18 Apr Better Employee Feedback
Feedback is the bread and butter of learning, it starts at school and continues throughout our working lives. The reason is blatant: if we don’t know how we’re performing in the present, we have no hope of developing for the future.
Of course, Feedback and employee performance reviews are often perceived as uncomfortable, like being on trial without the defence lawyer sitting next to you. Or trying to eat your dinner whilst your dog watches imploringly.
Well, they needn’t be. So sit back, relax, and allow us to pave the way for better employee feedback.
(Not the dog thing, we can’t help with that. All we do when the dog stares at us is close our eyes and feel guilty. We suggest you do the same.)
Don’t Sit on The Fence
If your employee is a complete star and the only criticism you have is that sometimes their work is too brilliant than that’s A) a very easy review for you both and B) probably a huge oversimplification. The truth is there’s always room for improvement, some employees need a lot, some need very little and it’s the ones who you need to give this ‘negative’ feedback to that are the most important.
In an effort to ease the discomfort of the situation, many managers adopt the stance of merely sitting on the fence. Their feedback is vague and every criticism is skimmed over and followed by words that essentially say: ‘but it’s ok’. It’s the equivalent of saying you’re a bit upset over text to someone but following with a ‘lol’ to soften what came before it. In short, you may as well have not said the initial part at all.
Criticism is hard to hear and hard to say, but the more you say it, the less you should hopefully have to say it in the future. And of course, the key thing about saying things that aren’t pleasant is this: how you say it. If you think Gordon Ramsay is the poster boy for dishing out (pun intended) criticism in an intelligent and productive way, we’re sad to say you’re wrong. You need to be clear, calm and discuss the matter very much in terms of how things can be improved, rather than dwelling too long on the mistake itself.
Work with Employees
It’s all very well pointing out that an employee isn’t doing as well as you’d like and perhaps in your eyes it’s obvious as to why that is. The thing is the employee themselves may truly not see why you’re displeased or in fact how to make it better. True, in the adult world you should be able to recognise that your knowledge has gaps which is impeding your work and address it immediately, but the truth is adults find it harder to admit they don’t know something than children do.
In the modern world psychologists have begun to coin the term ‘Impostor Syndrome’ or the fear of being ‘found out’. You know the feeling, you look around, ostensibly successful and heading up huge projects and wondering when everyone else on your team will realise you aren’t the big-shot they think you are. In a world where almost 70% of people are said to experience this feeling, it’s little wonder we’re all pretty tight lipped about what we don’t know, we fear that the whole ‘facade’ will unravel and leave us exposed.
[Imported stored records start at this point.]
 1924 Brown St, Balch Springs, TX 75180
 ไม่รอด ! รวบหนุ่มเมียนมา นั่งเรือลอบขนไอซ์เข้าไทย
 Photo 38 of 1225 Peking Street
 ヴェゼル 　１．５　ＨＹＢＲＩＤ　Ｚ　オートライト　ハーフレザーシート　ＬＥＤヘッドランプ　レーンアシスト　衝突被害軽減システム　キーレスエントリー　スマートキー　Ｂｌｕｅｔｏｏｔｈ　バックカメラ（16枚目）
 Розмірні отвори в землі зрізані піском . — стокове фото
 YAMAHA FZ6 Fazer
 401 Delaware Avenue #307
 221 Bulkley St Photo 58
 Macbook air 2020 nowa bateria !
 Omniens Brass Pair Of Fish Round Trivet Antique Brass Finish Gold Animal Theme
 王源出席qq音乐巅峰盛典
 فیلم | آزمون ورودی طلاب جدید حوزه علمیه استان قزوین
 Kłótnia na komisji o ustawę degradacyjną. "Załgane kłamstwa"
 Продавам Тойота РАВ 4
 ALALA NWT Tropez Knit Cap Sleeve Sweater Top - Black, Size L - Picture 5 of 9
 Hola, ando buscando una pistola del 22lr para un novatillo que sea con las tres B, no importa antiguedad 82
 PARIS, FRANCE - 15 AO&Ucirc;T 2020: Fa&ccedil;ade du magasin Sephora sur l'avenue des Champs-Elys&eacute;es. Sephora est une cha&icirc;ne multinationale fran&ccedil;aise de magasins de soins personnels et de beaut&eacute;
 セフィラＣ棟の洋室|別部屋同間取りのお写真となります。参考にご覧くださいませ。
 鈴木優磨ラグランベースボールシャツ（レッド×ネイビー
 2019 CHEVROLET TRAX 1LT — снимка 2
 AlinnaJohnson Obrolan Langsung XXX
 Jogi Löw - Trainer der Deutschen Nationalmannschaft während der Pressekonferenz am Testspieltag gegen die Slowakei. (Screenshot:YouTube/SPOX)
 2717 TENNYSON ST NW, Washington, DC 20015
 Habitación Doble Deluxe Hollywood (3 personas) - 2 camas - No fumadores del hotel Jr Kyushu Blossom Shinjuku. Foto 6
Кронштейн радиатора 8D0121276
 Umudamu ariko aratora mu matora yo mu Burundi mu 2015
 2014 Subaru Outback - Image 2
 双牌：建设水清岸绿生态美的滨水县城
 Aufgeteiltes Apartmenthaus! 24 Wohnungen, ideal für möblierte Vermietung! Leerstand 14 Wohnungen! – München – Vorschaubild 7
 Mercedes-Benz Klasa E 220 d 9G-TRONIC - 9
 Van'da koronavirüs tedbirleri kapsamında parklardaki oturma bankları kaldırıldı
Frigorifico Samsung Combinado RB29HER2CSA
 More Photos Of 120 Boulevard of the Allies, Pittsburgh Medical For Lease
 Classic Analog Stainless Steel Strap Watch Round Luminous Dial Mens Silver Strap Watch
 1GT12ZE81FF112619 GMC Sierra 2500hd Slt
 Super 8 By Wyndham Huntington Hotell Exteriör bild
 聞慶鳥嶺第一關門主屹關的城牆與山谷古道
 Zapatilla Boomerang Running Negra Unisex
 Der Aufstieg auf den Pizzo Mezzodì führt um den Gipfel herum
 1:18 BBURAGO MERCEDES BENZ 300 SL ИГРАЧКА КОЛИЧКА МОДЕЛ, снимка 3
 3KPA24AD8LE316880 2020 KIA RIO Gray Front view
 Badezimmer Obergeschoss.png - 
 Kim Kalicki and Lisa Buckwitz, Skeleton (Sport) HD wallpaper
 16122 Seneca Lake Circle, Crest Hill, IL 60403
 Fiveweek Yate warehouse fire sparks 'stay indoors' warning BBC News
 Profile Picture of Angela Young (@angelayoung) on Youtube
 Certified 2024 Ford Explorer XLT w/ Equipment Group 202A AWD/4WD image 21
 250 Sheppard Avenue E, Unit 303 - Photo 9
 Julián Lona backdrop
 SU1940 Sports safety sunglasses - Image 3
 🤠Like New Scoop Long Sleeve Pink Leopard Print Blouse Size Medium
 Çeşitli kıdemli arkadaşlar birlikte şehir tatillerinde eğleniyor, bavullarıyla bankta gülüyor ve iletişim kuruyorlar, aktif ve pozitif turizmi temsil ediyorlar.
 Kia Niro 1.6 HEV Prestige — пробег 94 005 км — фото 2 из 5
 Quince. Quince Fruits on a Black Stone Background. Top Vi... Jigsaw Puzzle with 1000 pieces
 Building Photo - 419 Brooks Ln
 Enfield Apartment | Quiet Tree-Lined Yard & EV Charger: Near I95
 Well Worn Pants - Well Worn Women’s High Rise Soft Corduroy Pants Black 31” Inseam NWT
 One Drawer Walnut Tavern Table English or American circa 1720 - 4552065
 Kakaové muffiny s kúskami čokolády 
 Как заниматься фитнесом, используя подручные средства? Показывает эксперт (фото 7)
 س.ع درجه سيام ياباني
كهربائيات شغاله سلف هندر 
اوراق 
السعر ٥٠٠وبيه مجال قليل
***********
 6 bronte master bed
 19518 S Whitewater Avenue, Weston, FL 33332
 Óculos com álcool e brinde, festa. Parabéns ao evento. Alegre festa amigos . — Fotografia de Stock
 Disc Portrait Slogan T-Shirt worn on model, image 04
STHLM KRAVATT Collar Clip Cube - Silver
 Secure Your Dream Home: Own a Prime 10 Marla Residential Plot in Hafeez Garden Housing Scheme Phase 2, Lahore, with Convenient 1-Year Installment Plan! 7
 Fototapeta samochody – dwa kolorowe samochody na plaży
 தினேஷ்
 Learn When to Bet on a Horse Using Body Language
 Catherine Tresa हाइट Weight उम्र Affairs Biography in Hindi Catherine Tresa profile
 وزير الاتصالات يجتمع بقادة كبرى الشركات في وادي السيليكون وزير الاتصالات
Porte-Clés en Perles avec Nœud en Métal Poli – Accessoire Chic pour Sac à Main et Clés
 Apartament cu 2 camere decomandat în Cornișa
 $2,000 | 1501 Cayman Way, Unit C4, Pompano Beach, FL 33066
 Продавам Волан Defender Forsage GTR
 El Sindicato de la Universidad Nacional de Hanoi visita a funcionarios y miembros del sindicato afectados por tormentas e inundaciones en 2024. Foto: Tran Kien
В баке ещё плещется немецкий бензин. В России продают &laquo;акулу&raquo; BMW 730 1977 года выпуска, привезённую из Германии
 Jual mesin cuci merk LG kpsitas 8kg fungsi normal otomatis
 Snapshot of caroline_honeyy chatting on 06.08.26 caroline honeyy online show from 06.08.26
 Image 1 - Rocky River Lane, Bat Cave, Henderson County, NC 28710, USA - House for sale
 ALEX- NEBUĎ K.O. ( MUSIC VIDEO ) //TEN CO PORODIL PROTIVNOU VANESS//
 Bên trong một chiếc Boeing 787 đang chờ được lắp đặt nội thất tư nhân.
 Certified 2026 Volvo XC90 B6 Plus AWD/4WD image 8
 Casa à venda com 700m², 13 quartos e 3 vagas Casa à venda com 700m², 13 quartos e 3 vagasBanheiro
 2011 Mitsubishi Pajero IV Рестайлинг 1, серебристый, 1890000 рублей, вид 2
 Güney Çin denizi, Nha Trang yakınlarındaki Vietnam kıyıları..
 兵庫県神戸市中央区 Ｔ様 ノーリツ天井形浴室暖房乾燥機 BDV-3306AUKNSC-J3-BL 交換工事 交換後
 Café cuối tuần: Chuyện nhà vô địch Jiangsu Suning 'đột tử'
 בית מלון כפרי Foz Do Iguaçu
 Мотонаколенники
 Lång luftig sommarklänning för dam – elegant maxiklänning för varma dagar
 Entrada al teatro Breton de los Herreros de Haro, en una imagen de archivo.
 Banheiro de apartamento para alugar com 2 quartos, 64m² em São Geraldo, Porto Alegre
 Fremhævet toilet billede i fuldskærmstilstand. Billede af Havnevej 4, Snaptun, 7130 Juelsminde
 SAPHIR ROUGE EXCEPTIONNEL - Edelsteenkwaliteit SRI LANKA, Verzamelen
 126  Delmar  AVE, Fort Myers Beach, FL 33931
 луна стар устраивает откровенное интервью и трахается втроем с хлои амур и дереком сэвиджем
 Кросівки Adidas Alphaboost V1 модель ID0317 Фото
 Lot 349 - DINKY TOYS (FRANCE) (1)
Which is why we shouldn’t be too damming when an employee doesn’t trot over to us the moment they have a problem. Nor should we expect that every employee knows how to address the criticisms we put to them.
Remember to be thorough. When you point out a problem during a review then be sure to question how the employee got into the situation in the first place. Put steps in place to ensure there’s no reason for it to happen again and reconsider the training programmes you set new-starters on.
You can go the other way of course, and simply always use reviews or feedback forms to point out the flaws and problems in you employees’ performance. In much the same way no one is wholly perfect, nor is someone a complete failure and if you don’t pick up on the things they do well then you’ll numb them to anything you say. If you dish out both when both are due then you are much more likely to earn employees’ respect.
And that’s all it is. Say what needs to be said, discuss how it happened and then move onto the process that can stop it happening again. Pepper in some praise and you’ve got yourself a feedback frittata that can’t go wrong.